**Directions:**
Below are some records. Retype exactly the lines from the one containing "Kerstkaart met rode" through the one containing "LOCKER Tennessee #10", both included, skipping every picture.

**Records shown:**
== Segment start ==
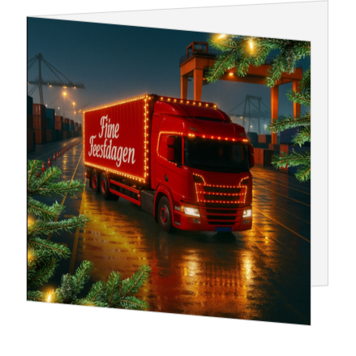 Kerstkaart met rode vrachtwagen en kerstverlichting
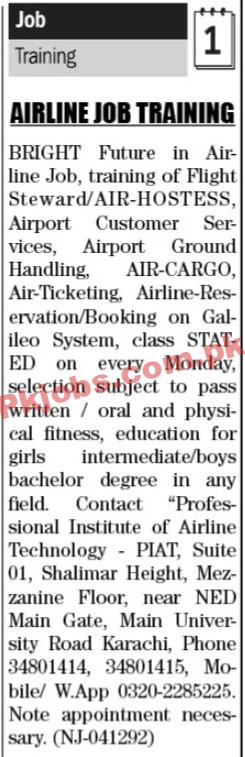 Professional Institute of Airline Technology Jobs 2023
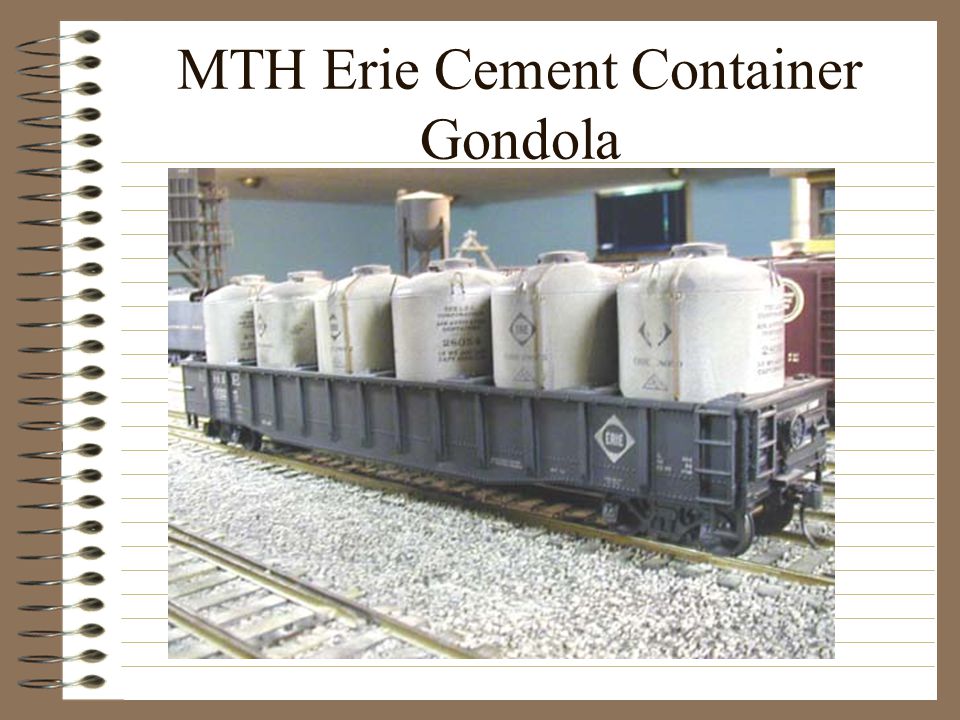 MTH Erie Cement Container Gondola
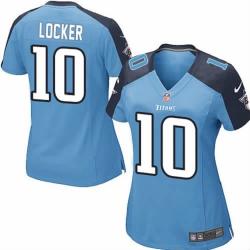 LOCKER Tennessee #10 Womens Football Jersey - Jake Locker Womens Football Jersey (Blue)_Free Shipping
== Segment end ==
== Segment start ==
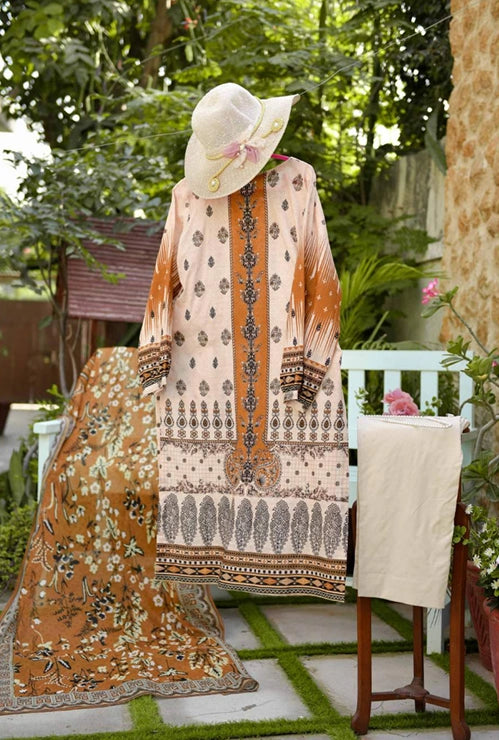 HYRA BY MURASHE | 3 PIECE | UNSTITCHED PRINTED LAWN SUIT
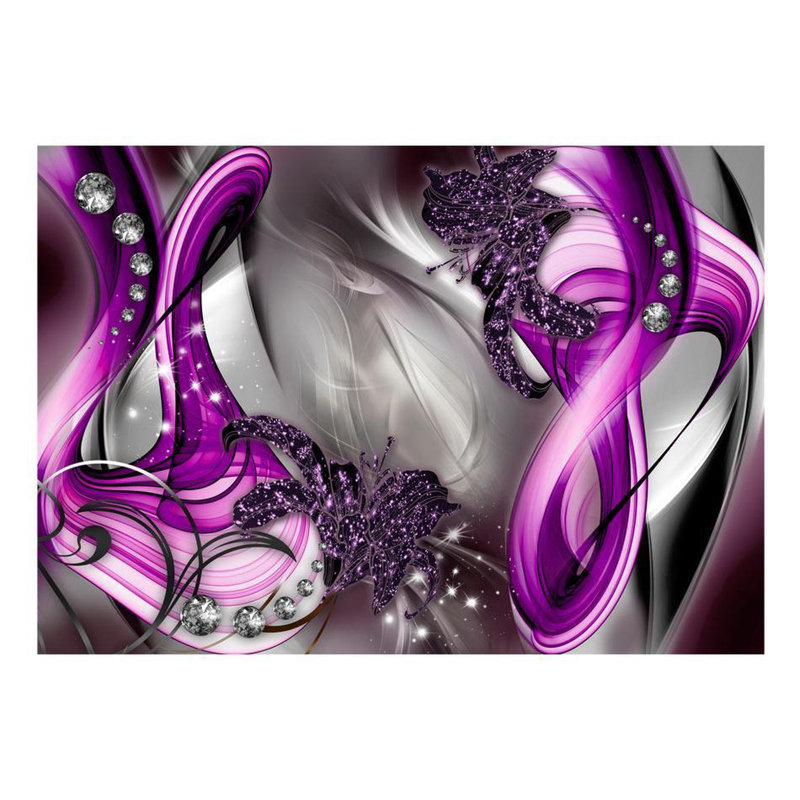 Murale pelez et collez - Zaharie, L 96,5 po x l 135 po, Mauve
== Segment end ==
**Task response:**
 Kerstkaart met rode vrachtwagen en kerstverlichting
 Professional Institute of Airline Technology Jobs 2023
 MTH Erie Cement Container Gondola
 LOCKER Tennessee #10 Womens Football Jersey - Jake Locker Womens Football Jersey (Blue)_Free Shipping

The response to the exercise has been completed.